Hi,
I have a datasource (log files) that i would like to turn into stats
over long period of time.
The way I need to have this data parsed and broken down will yield to
approximately 10M+ timeseries, that can rise easily 2-3x over time.
The other feature of this data is that most of the timeseries will
probably be sparse, so it's probably only about ~10k timeseries will
change at each scrape interval.
Obviously the exporters memory requirements will become a factor if
you need to store an ever increasing number of timeseries. This is my
first problem, how to make the exporters memory requirments low by
most preferably having only knowledge of metric changes since last
scrape interval (turning current counters into gauges).
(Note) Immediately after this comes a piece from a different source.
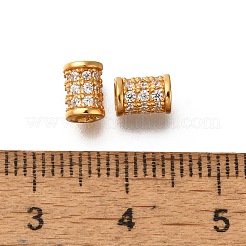スターリングシルバーマイクロパヴェクリアキュービックジルコニアビーズ925個  コラム  ゴールドカラー  6x4.5x4.5mm  穴：1.6mm&nbsp;STER-M018-11G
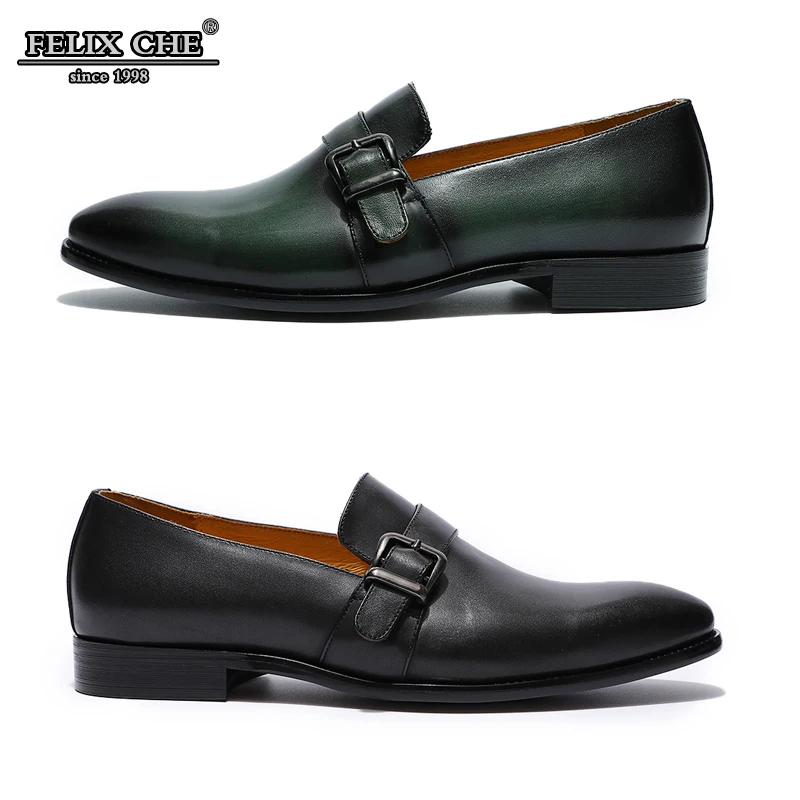 

FELIX CHU MEN DRESS LOAFER MONK STRAP LUXURY GENUINE LEATHER GREEN BLACK CASUAL SHOE SLIP ON WEDDING ELEGANT MENS FORMAL SHOES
Currently the exporter as a POC (using counters) has 4 metrics, and 3
metric labels. Two of the labels have about 5 possible values each,
the third label has it in the millions. This can obviously be work
around to have 4 million metrics with 2 labels, or anything between
the 2.
Is this typically a usecase where prometheus is not a good fit or
there are some tips/tricks that I can use to tackle the cardinality
and sparseness of the data on both scraper and exporter side? Any
suggestions?
In general this type of data seems more suited for a push
type of TSDB, but thought first will check with you guys if there is
something that prometheus can do for us in this case.
> This doesn't sound like a good use case for Prometheus.
Thx, will check into other options.
> Push vs pull has nothing to do with it, it sounds like you want an event logging system such as the ELK stack.
The push model would help with the "exporter" side of things where it
doesn't need to care about the "history" of the timeseries.
Hi,
I was a bit vague on why the push model would help on the exporter
side. It would help on the exporter side as they usually don't have
the restraint of pushing all metrics at all pushes (whatever the push
interval/aggregation maybe).
In prometheus based on the recommendations the exporter would need to
expose a metric every scrape interval even if that gets updated only
once a day, at super-high cardinality metrics this can take a toll on
the exporter. The push model would take away this extra weight.
We have considered the ELK stack but the overhead to produce numbers
seemed quite a lot greater, than a TSDB that can handle 10M timeseries
in some shape or form.
Thanks for the input, I will check around in other TSDBs.